From: Helene CHELIN <helene.chelin@embecosm.com>
This patch improves the performance of the emulation of the RVV unit-stride
loads and stores in the following cases:
- when the data being loaded/stored per iteration amounts to 8 bytes or less.
- when the vector length is 16 bytes (VLEN=128) and there's no grouping of the
vector registers (LMUL=1).
The optimization consists of avoiding the overhead of probing the RAM of the
host machine and doing a loop load/store on the input data grouped in chunks
of as many bytes as possible (8,4,2,1 bytes).
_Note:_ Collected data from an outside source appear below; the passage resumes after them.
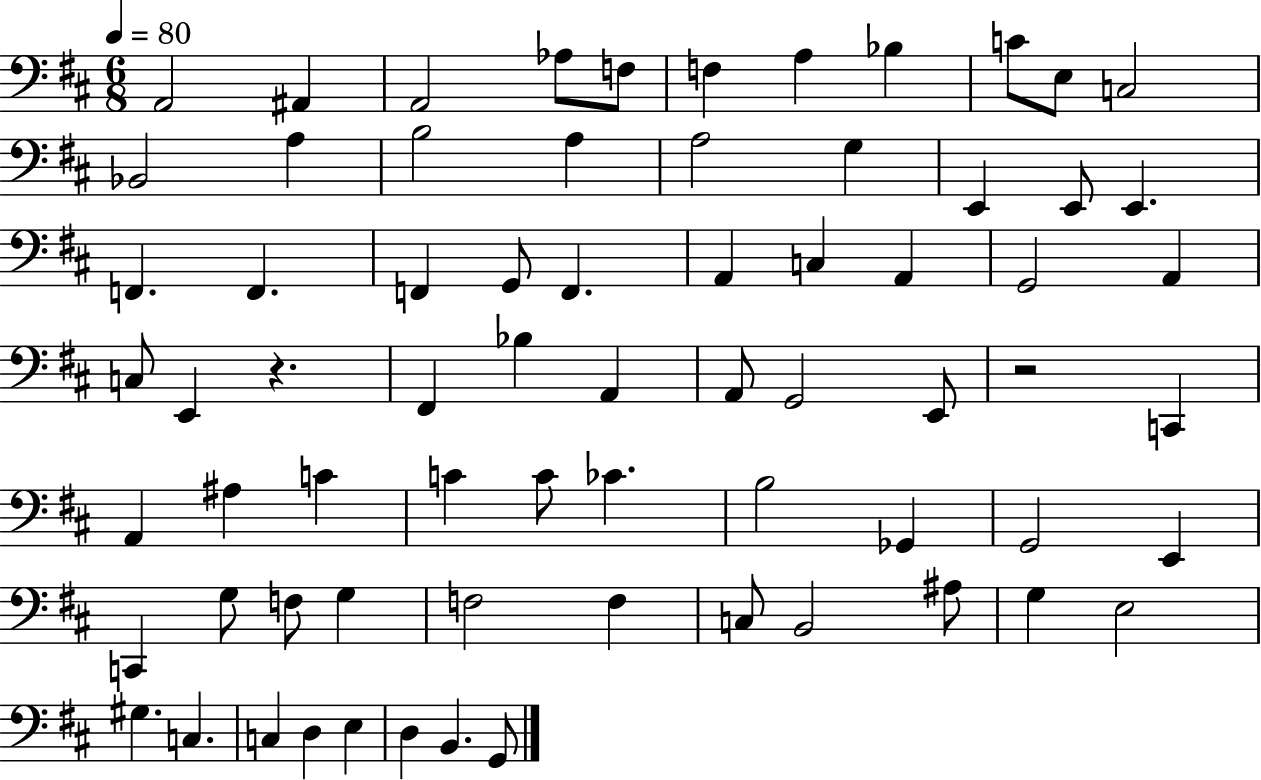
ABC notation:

X:1
T:Untitled
M:6/8
L:1/4
K:D
A,,2 ^A,, A,,2 _A,/2 F,/2 F, A, _B, C/2 E,/2 C,2 _B,,2 A, B,2 A, A,2 G, E,, E,,/2 E,, F,, F,, F,, G,,/2 F,, A,, C, A,, G,,2 A,, C,/2 E,, z ^F,, _B, A,, A,,/2 G,,2 E,,/2 z2 C,, A,, ^A, C C C/2 _C B,2 _G,, G,,2 E,, C,, G,/2 F,/2 G, F,2 F, C,/2 B,,2 ^A,/2 G, E,2 ^G, C, C, D, E, D, B,, G,,/2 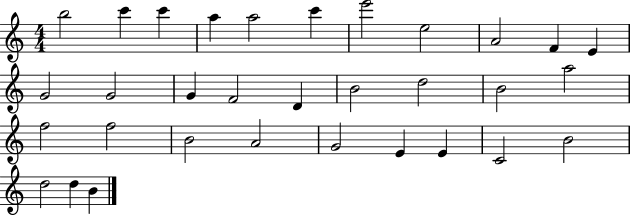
B5/h C6/q C6/q A5/q A5/h C6/q E6/h E5/h A4/h F4/q E4/q G4/h G4/h G4/q F4/h D4/q B4/h D5/h B4/h A5/h F5/h F5/h B4/h A4/h G4/h E4/q E4/q C4/h B4/h D5/h D5/q B4/q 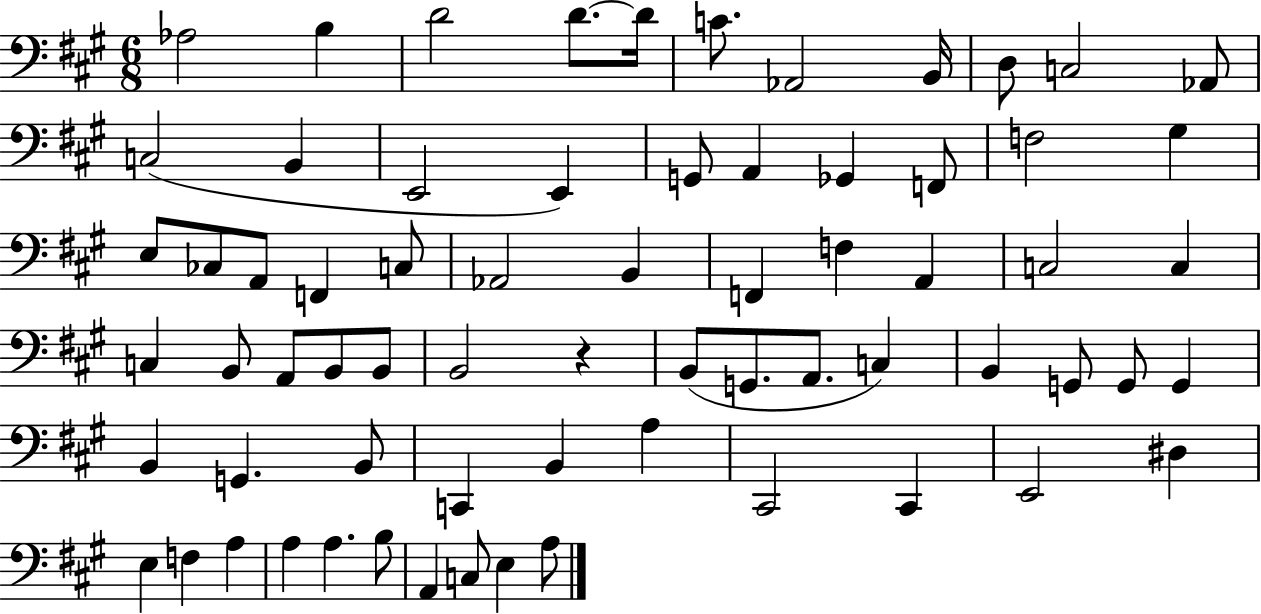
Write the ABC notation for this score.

X:1
T:Untitled
M:6/8
L:1/4
K:A
_A,2 B, D2 D/2 D/4 C/2 _A,,2 B,,/4 D,/2 C,2 _A,,/2 C,2 B,, E,,2 E,, G,,/2 A,, _G,, F,,/2 F,2 ^G, E,/2 _C,/2 A,,/2 F,, C,/2 _A,,2 B,, F,, F, A,, C,2 C, C, B,,/2 A,,/2 B,,/2 B,,/2 B,,2 z B,,/2 G,,/2 A,,/2 C, B,, G,,/2 G,,/2 G,, B,, G,, B,,/2 C,, B,, A, ^C,,2 ^C,, E,,2 ^D, E, F, A, A, A, B,/2 A,, C,/2 E, A,/2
Co-authored-by: Helene CHELIN <helene.chelin@embecosm.com>
Co-authored-by: Paolo Savini <paolo.savini@embecosm.com>
Signed-off-by: Helene CHELIN <helene.chelin@embecosm.com>
---
target/riscv/vector_helper.c | 46 ++++++++++++++++++++++++++++++++++++
1 file changed, 46 insertions(+)
diff --git a/target/riscv/vector_helper.c b/target/riscv/vector_helper.c
index 29849a8b66..4b444c6bc5 100644
--- a/target/riscv/vector_helper.c
+++ b/target/riscv/vector_helper.c
@@ -633,6 +633,52 @@ vext_ldst_us(void *vd, target_ulong base, CPURISCVState *env, uint32_t desc,
VSTART_CHECK_EARLY_EXIT(env);
+ /* For data sizes <= 64 bits and for LMUL=1 with VLEN=128 bits we get a
+ * better performance by doing a simple simulation of the load/store
+ * without the overhead of prodding the host RAM */
+ if ((nf == 1) && ((evl << log2_esz) <= 8 ||
+ ((vext_lmul(desc) == 0) && (simd_maxsz(desc) == 16)))) {
+
+ uint32_t evl_b = evl << log2_esz;
+
+ for (uint32_t j = env->vstart; j < evl_b;) {
+ addr = base + j;
+ if ((evl_b - j) >= 8) {
+ if (is_load)
+ lde_d_tlb(env, adjust_addr(env, addr), j, vd, ra);
+ else
+ ste_d_tlb(env, adjust_addr(env, addr), j, vd, ra);
+ j += 8;
+ }
+ else if ((evl_b - j) >= 4) {
+ if (is_load)
+ lde_w_tlb(env, adjust_addr(env, addr), j, vd, ra);
+ else
+ ste_w_tlb(env, adjust_addr(env, addr), j, vd, ra);
+ j += 4;
+ }
+ else if ((evl_b - j) >= 2) {
+ if (is_load)
+ lde_h_tlb(env, adjust_addr(env, addr), j, vd, ra);
+ else
+ ste_h_tlb(env, adjust_addr(env, addr), j, vd, ra);
+ j += 2;
+ }
+ else {
+ if (is_load)
+ lde_b_tlb(env, adjust_addr(env, addr), j, vd, ra);
+ else
+ ste_b_tlb(env, adjust_addr(env, addr), j, vd, ra);
+ j += 1;
+ }
+ }
+
+ env->vstart = 0;
+ vext_set_tail_elems_1s(evl, vd, desc, nf, esz, max_elems);
+ return;
+ }
+
+
vext_cont_ldst_elements(&info, base, env->vreg, env->vstart, evl, desc,
log2_esz, false);
/* Probe the page(s). Exit with exception for any invalid page. */
--
2.17.1
On 7/18/24 01:30, Paolo Savini wrote:
> From: Helene CHELIN <helene.chelin@embecosm.com>
>
> This patch improves the performance of the emulation of the RVV unit-stride
> loads and stores in the following cases:
>
> - when the data being loaded/stored per iteration amounts to 8 bytes or less.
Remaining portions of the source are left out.